Drug Therapy Targeted to the Voltage-Gated Sodium Channel

  • Principal Investigator:Dorothy Hanck, PhD, Professor, Department of Medicine, Section of Cardiology; Committee on Neurobiology; Committee on Cell Physiology; Committee on Computational Neuroscience (with Michael Sheets, University of Utah)
  • Start Date: September 1, 2009
  • Total Award Amount: $704,817 (first year); $711,545 (second year)

Public Health Relevance

Conduction disorders and arrhythmias of the heart and seizure disorders of the CNS are major contributors to human morbidity and mortality, and the Na channel is profoundly involved in most of these disease processes. The results from the proposed studies investigating local anesthetic/antiarrhythmic drugs and anticonvulsant drugs with cardiac Na channels will advance our overall understanding of the molecular mechanisms of drug interactions with voltage-gated ion channels and with the Na channel in particular. Together, the experimental findings should contribute to the formation of a better molecular model of these drug interactions with the cardiac Na channel, and contribute to the design of future medications that will better treat diseases involving the Na channel in electrical signaling of excitable tissues.

Project Description

The overall aim of the application is to understand the fundamental basis of the interaction of local anesthetic/antiarrhythmic drugs (LA) with the cardiac voltage-gated sodium (Na) channel (NaV1.5). The experiments will use wild-type (WT) and site-directed mutant Na channels heterologously expressed in mammalian cells and oocytes combined with molecular modeling of the Na channel pore.

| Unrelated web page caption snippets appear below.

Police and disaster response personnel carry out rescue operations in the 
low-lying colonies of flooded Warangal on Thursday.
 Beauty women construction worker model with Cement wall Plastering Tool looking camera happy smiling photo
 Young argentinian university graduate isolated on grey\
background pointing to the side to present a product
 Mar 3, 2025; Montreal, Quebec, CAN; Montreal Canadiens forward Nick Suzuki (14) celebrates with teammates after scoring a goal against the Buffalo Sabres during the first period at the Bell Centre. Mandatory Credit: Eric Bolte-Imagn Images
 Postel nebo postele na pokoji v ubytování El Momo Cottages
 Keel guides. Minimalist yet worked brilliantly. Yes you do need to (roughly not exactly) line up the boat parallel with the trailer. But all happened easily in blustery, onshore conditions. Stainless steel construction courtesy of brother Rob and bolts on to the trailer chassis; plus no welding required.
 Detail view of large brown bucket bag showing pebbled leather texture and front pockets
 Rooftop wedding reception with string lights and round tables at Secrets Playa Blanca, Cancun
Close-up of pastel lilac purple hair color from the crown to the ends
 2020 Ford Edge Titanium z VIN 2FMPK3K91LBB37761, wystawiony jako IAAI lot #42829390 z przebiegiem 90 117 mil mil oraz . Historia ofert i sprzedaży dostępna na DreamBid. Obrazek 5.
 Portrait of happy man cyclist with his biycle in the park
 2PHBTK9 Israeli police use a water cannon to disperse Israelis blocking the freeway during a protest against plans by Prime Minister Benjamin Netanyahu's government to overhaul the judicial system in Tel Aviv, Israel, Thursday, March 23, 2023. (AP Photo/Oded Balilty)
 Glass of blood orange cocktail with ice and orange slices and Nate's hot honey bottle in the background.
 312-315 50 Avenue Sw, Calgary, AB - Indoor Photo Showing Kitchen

Aim 1. The LA binding site in the pore. We hypothesize that binding of LA to DIV-Phe1759 directly interacts with DIIIS6 residues or indirectly by close-packed interactions between DIIIS6 and DIVS6 in the open/inactivated channel configuration that results in stabilization of the DIIIS4. In this aim we propose to further explore drug interactions with the Na channel inner pore between S6's in DIV and DIII and stabilization of their corresponding S4's. In pursuance of this hypothesis we will determine the role of DIII-Leu1461 in the coupling of DIV to DIII.

Aim 2: The link between fast inactivation and LA affinity. We hypothesize that binding of the fast inactivation lid is obligatory for stabilizing the high-affinity drug/channel interaction. In this aim we propose to determine how fast inactivation contributes to high affinity LA block by correlating the size and flexibility of LA and anticonvulsant drugs to their EC50's in mutant channels with fast inactivation removed by mutagenesis of the inactivation lid and by investigating the basis of the recently reported lidocaine-induced Brugada Syndrome NaV1.5 channelopathy, V232I+L1308F.

Aim 3. LA interactions with the closed channel and with early steps in activation. We hypothesize that the opening of the Na channel pore formed by the S6 segments is passive, and that drug binding to the closed channel modestly stabilizes this configuration. In pursuance of this hypothesis we will determine the residues at the bundle crossing by crosslinking Cys substitutions between S6 segments.

This award is funded under the American Recovery and Reinvestment Act of 2009, NIH Award number: 1R01HL096476-01

Dorothy Hanck

Dorothy Hanck, PhD,
Professor, Department of Medicine, Section of Cardiology; Committee on Neurobiology; Committee on Cell Physiology; Committee on Computational Neuroscience (with Michael Sheets, University of Utah)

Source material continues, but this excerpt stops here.